[Start of section]

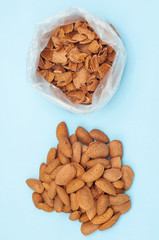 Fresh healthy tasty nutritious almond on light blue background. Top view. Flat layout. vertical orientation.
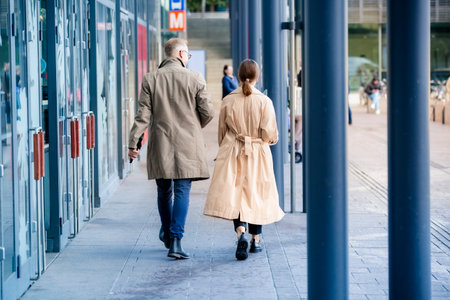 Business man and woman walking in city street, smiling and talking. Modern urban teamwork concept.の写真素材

[End of section]
[Start of section]

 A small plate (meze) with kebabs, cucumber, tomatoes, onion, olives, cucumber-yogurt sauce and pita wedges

[End of section]

In the listing above, find the line containing "Fresh healthy tasty" and the line containing "Business man and", then write out both of them and every line between, exactly, with no pictures.

 Fresh healthy tasty nutritious almond on light blue background. Top view. Flat layout. vertical orientation.
 Business man and woman walking in city street, smiling and talking. Modern urban teamwork concept.の写真素材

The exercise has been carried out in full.